- _Exercise brief_
From the first line of the data through the line containing "Mother and father holding infant in NICU", return each line exactly.
━━━━━ Data records ━━━━━
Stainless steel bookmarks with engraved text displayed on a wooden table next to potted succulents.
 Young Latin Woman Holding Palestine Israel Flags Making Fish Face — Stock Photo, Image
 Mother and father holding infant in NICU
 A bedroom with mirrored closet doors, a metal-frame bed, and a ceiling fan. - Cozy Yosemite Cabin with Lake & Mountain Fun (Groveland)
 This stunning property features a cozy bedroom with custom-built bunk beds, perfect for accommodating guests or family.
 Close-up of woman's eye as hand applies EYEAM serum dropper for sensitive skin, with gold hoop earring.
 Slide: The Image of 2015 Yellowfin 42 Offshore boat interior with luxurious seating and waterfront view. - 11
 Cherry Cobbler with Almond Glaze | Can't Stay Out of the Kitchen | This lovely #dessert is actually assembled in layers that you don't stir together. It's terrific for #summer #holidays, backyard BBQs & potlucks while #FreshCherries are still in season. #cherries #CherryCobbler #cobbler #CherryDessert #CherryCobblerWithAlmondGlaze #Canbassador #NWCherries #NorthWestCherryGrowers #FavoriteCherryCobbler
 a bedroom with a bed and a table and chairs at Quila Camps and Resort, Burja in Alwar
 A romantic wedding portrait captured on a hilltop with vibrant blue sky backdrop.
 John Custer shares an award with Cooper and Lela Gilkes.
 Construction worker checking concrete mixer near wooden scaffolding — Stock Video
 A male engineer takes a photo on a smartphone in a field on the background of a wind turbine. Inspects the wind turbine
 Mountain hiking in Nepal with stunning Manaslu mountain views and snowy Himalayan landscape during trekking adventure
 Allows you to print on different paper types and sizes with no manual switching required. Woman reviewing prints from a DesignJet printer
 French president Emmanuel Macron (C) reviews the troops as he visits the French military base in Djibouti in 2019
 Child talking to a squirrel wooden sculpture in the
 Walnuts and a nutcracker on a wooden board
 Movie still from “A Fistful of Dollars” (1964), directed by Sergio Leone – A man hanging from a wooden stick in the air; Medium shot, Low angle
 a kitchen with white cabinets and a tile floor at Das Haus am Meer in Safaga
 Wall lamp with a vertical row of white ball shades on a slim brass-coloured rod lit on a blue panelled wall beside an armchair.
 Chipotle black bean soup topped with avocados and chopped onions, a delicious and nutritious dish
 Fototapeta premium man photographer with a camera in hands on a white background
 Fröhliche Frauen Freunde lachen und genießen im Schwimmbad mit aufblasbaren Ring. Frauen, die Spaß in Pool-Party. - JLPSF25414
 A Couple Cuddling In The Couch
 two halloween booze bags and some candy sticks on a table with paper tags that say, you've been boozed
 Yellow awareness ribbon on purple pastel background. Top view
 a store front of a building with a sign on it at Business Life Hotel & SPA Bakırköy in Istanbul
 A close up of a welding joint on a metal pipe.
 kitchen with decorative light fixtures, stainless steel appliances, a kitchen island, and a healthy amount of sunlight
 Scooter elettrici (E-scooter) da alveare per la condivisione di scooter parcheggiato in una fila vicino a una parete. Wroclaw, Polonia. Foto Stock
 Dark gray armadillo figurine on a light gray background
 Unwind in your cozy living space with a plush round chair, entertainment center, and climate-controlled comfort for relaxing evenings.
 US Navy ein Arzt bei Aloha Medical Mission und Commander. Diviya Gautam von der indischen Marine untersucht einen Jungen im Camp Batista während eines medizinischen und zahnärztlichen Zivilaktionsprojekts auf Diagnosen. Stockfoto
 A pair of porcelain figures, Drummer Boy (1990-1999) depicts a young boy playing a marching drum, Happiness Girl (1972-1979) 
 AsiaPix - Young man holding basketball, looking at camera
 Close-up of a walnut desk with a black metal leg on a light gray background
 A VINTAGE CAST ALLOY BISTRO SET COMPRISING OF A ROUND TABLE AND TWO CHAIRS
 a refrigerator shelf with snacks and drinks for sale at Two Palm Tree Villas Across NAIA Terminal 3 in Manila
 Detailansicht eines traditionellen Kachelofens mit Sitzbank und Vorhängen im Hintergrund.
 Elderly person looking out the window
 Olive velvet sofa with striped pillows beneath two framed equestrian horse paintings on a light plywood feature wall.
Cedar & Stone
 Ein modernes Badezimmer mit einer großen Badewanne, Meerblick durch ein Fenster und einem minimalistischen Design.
━━━━━
- _Result of the task_
Stainless steel bookmarks with engraved text displayed on a wooden table next to potted succulents.
 Young Latin Woman Holding Palestine Israel Flags Making Fish Face — Stock Photo, Image
 Mother and father holding infant in NICU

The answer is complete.